# What I've learned about coming to ND



## Goldy's Pal (Jan 6, 2004)

> Fargo is huge.

>Don't plan on dining out on Sunday.

>The tip is usually as much as the meal.

>Lewis and Clark are famous.

>It's hard to find a souvenir for your wife.

>I now know where "square mile" comes from.

>Black birds sure can make a lot of noise.

>Don't forget anything.

>Folks sure are friendly.

>The cenex station is the mall.

>Last but not least, don't forget to pack a fly swatter.

Just having some fun here. I Love it all!!

:beer:


----------



## Remmi_&amp;_I (Dec 2, 2003)

Amen!


----------



## Shu (Oct 21, 2003)

Goldy - here's another one for the list

> home of the largest variety of homemade sausage in the world


----------



## nodakoutdoors.com (Feb 27, 2002)

> there aren't many public toilets around, bring an extra roll or two - or take djleye's advice, bring baby wipes.


----------



## Bobm (Aug 26, 2003)

Baby wipes the hunters best kept secret! :lol: more imortant than shells, you can always borrow some shell from your buddies


----------



## SiouxperDave25 (Oct 6, 2002)

> boats are built for fishing, not hunting


----------



## Goldy's Pal (Jan 6, 2004)

I now have the need for the digital compass on the rear view mirror.

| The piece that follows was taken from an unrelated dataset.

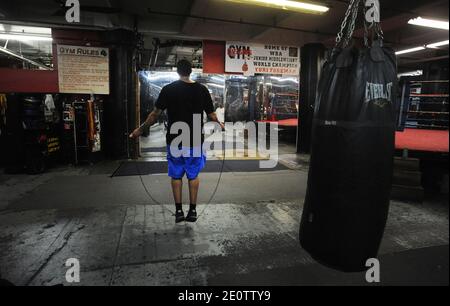 I pugili si allenano tutti i giorni in una delle ultime delle fiorenti palestre di boxe di New York City, Gleason's a Brooklyn, New York, NY, USA, il 20 2012 ottobre. In tutto, 131 campioni del mondo si sono allenati all'interno delle pareti ammane della palestra, tra cui leggende come Jake LaMotta, Muhammad Ali e Roberto Duran. Attualmente cinque possessori di titoli attivi si allenano al Gleason's, così come numerosi concorrenti e decine di campioni di Golden Guoves. Foto di Olivier Douliery/ABACAPRESS.COM Foto Stock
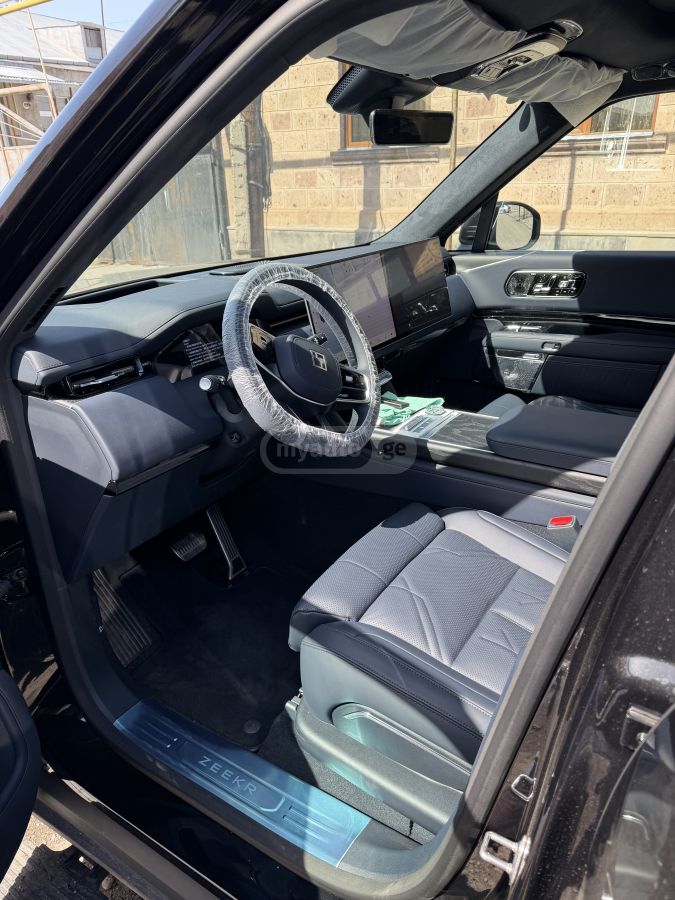 Zeekr Ultra — миниатюра 8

Man can a guy get screwed up when it's cloudy. Baby wipes!! I think I have some of those somewhere. :roll:


----------



## Remmi_&amp;_I (Dec 2, 2003)

I thought baby wipes was MY secret!!! Never leave the house without them and can't believe how many times they have come in use! :rock:


----------



## djleye (Nov 14, 2002)

For those of us tender older guys!!!!

Man, I have been hunting the last few weeks with Jeds' clone. We can't even make it to the field without Monte having to stop along the roadside. He is like a big damn dog that gets so excited he has to stop and crap!!! I should invest in some baby wipes for him!!!!


----------



## jbaincfl (Feb 5, 2003)

>$5 is not just your drink it is the entire round!


----------



## Drew Willemsen (Sep 29, 2003)

> We can't even make it to the field without Monte having to stop along the roadside. He is like a big damn god that gets so excited he has to stop and crap!!!


just get him some depends

"Just go man..."


----------



## nodakoutdoors.com (Feb 27, 2002)

> ducks along the road are like road signs, check it out and keep going. Don't stop and terrorize.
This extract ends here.